信頼できる業者、借りがある業者に優先して仕事を流していく。
そのため、信頼と実績がある業者に仕事が集まるのは当然のことだ。
つまり、新規に参入しようとしたり、参入できても新参者では、オイシい案件を割り振られることはないのだ。
これはお客様の立場に立って考えれば当たり前のことだ。
業者がミスったら、任命した自分の責任になるということを考慮すれば、安心と実績のある業者にとりあえず発注するのは当然のことだ。
わざわざ新参者にやらせてリスクを取るメリットは薄い(よほど安いとか、特殊な製品なら別だが)。
仕事を「つくる」
では、そのように既存の業者やメーカーで固められているお客様は難攻不落で手も足も出ないのだろうか。あきらめるしかないのか。
そこで有効な考え方が「仕事をつくる」という考え方だ。
ここまでの内容は、お客様から「仕事をもらう」という切り口であった。
お客様が抱えている案件や、購買の数量を、ライバルたちと奪い合うという形だった。
こうなると、実績や力のある者が有利なので、新参者はいつまでも仕事がもらえない。
そのため、ここは「仕事をつくる」というアプローチをしていくことが有効となる。
「仕事をつくる」とは、お客様の仕事をつくってくることを指す。
つまりあなたがお客様の仕事を取ってきてあげるのだ。
「こんな案件を見つけてきました。一緒にやりませんか」とお客様に仕事を持ち込むのである。

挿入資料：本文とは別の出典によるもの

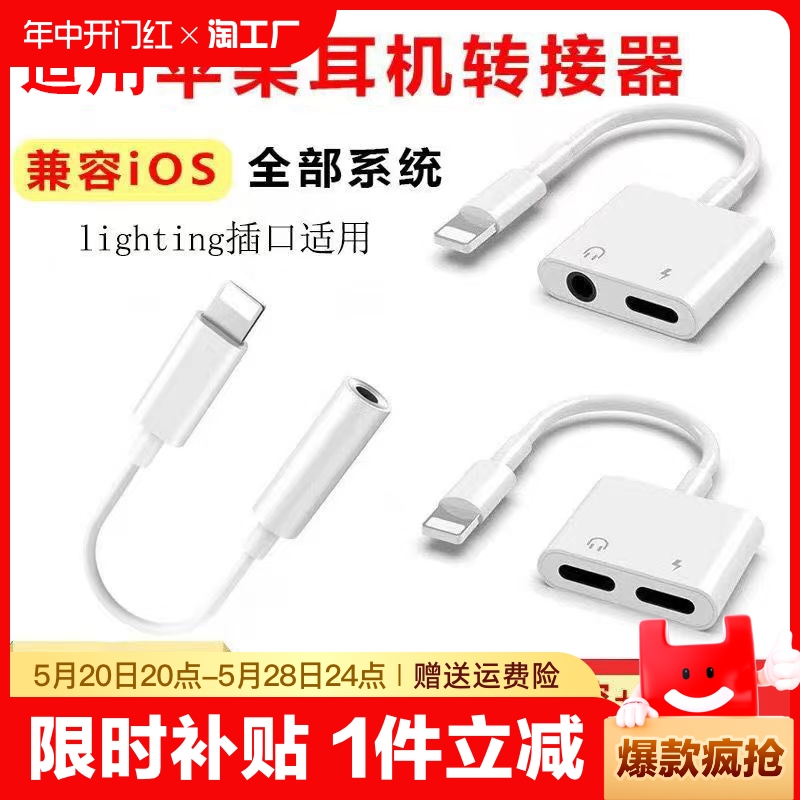 适用苹果数据线三合一14转接头iphone13/12/11/x/xr转3.5mm耳机听歌充电二合一吃鸡手游转换器一拖三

もちろん自社ができることが含まれていることが前提だ。
この場合は、あなたがハズされることはない。
仕事のつくりかた
もちろん、このようにお客様の仕事をつくってくることは簡単なことではない。
仕事をもらうのとは、難しさの種類が異なる。
仕事をつくるコツは、「お客様のお客様の層」への接触である。
例えば、建築関係ならば、自分のお客様がゼネコンさんだとすると、そのゼネコンさんのお客様はビルオーナーなどの「施主」になる。
この「施主」に対して、「こんな特殊工法での工事、いかがですか」と営業し、その仕事をゼネコンさんを紹介して、カタチにする。
※ゼネコンさんの既存顧客でないことを確認すること。それを知っていながら営業するのは「飛び越し」でお客様は怒る。
こうなると、お客様の仕事を、あなたが取ってきた形になる。
他にもメーカー系の場合には、末端製品のメーカーから「こんな部材が欲しい」という情報を仕入れてきて、それを作れそうなお客様に「こういう末端メーカー様がいましたよ。一緒に作りませんか」と提案する。
そうすればあなたの勤務先の製品が組み込まれる可能性は高くなる。あなたが取ってきた案件だから、お客様もまずはあなたの勤務先を第一候補とするはずだ。
この営業活動のポイントは、お客様の力を借りなければできない規模の仕事を見つけてくることである。
自社だけで対応できてしまうような仕事では、お客様にとって意味がない。
粘り強くチャンスを待つ
まとめると、お客様のお客様は誰なのか?を考えて、さらに仕事をつくれないか?と思い活動することだ。
もちろん簡単なことではないが、このように「仕事をつくる」という意識を持って日々活動していると、いつかポロッとそういう機会が転がり込んでくる。
そういうときに、逃さずにお客様に仕事を紹介しよう。
そうすれば、そのつくった仕事であなたがハズされることはないし、その実績によってお客様の中での順位は上がる。
お客様だって、売り上げや受注は欲しい。
代わりに仕事をつくってきてくれる営業マンはありがたいし、頼れる存在であること間違いなしだ。
営業マンは仕事を「もらう」のではなく「つくる」ことによって、お客様の善きビジネスパートナー、つまり友になれるのだ。